“Nobel”: comece já a maratona
Excelente, a série norueguesa da Netflix segue um soldado do Afeganistão a Oslo, no centro de uma conspiração
É uma dessas situações que rapidamente saem de controle: o destacamento das Forças Especiais norueguesas no Afeganistão tem que identificar um possível homem-bomba no movimentado mercado de rua de Cabul. Soldados circulam entre a multidão, vigias estão postados no alto de prédios e Erling Riiser (Aksel Hennie), o sniper, está seguindo todos os suspeitos potenciais com sua mira – até que encontra o alvo certo, e o abate. Mas não se trata de um homem-bomba comum e, assim que ele cai no chão, a população começa a se amotinar. Uma mulher vem correndo, Erling a segura, e aí o caos começa de verdade: ele tocou numa afegã – e na afegã errada. A partir desse incidente, a excelente Nobel volta, em oito episódios, a uma série de acontecimentos anteriores ao incidente do mercado, e os liga a muitos eventos mais que se seguirão. No centro de todos eles, sem nem ter ideia de como foi parar nessa situação, está Erling.

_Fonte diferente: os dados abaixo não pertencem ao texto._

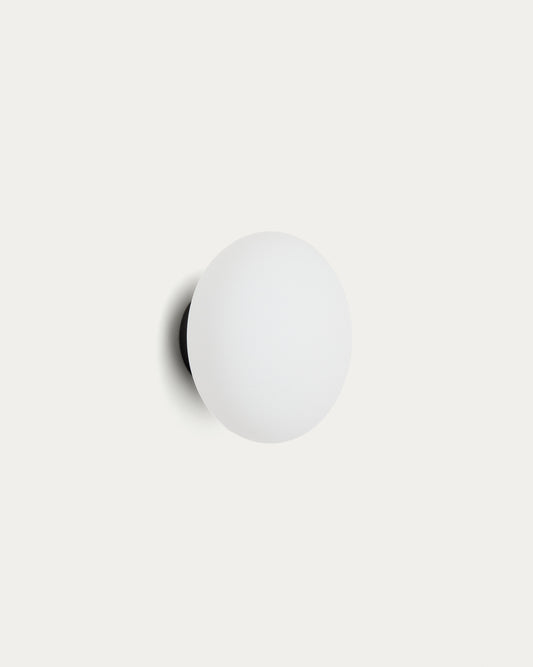 Lampada da parete Bamila in vetro fumé e metallo nero Ø 15 cm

Na Noruega, Erling é bem casado (com a assessora do ministro de Relações Exteriores, a quem ele é parcialmente subordinado), bom pai e bom filho. No Afeganistão, ele é parte de uma força vista como consideravelmente menos agressiva que as forças americanas, mas nem por isso bem-vinda ou benquista. Como membro das Forças Especiais, ele participa de operações sigilosas e duvidosas e vive o terror cotidiano dos ataques de civis, dos explosivos improvisados no caminho dos comboios e da certeza frustrante de que nada que ele e os companheiros façam ali vai adiantar alguma coisa; esse é um país perdido – e, como diz à mulher, num diálogo que a deixa totalmente chocada, mata quem for preciso matar, do jeito que for necessário, e nunca pensa mais a respeito depois. A vida do Afeganistão, porém, segue Erling a Oslo de maneiras imprevistas durante uma licença dele, num angu-de-caroço daqueles.
Entre os muitos méritos de Nobel, estão a clareza e o rigor com que o roteiro vai seguindo os fios do emaranhado, o ótimo desenvolvimento de personagens e a direção rica mas limpa, na melhor tradição do novo cinema escandinavo – créditos devidos aí ao criador e showrunner Per-Olav Sorensen. O grande trunfo da série, porém, é mesmo o espetacular Aksel Hennie, de filmes escandinavos como Max Manus, Mergulho Profundo e Headhunters (no qual ele arrasa), e de produções americanas como Hércules, Perdido em Marte e a segunda fase de 24 Horas. Provocar empatia, afeto e admiração moral por um sujeito capaz de matar três homens em dez segundos, com as mãos nuas, não é necessariamente uma tarefa simples. Mas Aksel Hennie, com seus olhos extraordinariamente expressivos, tira de letra, e cria um protagonista em que, apesar do desgosto que ele às vezes sente consigo mesmo, as atitudes mais carinhosas nascem exatamente no mesmo lugar em que os gestos mais letais – no caráter e na compaixão.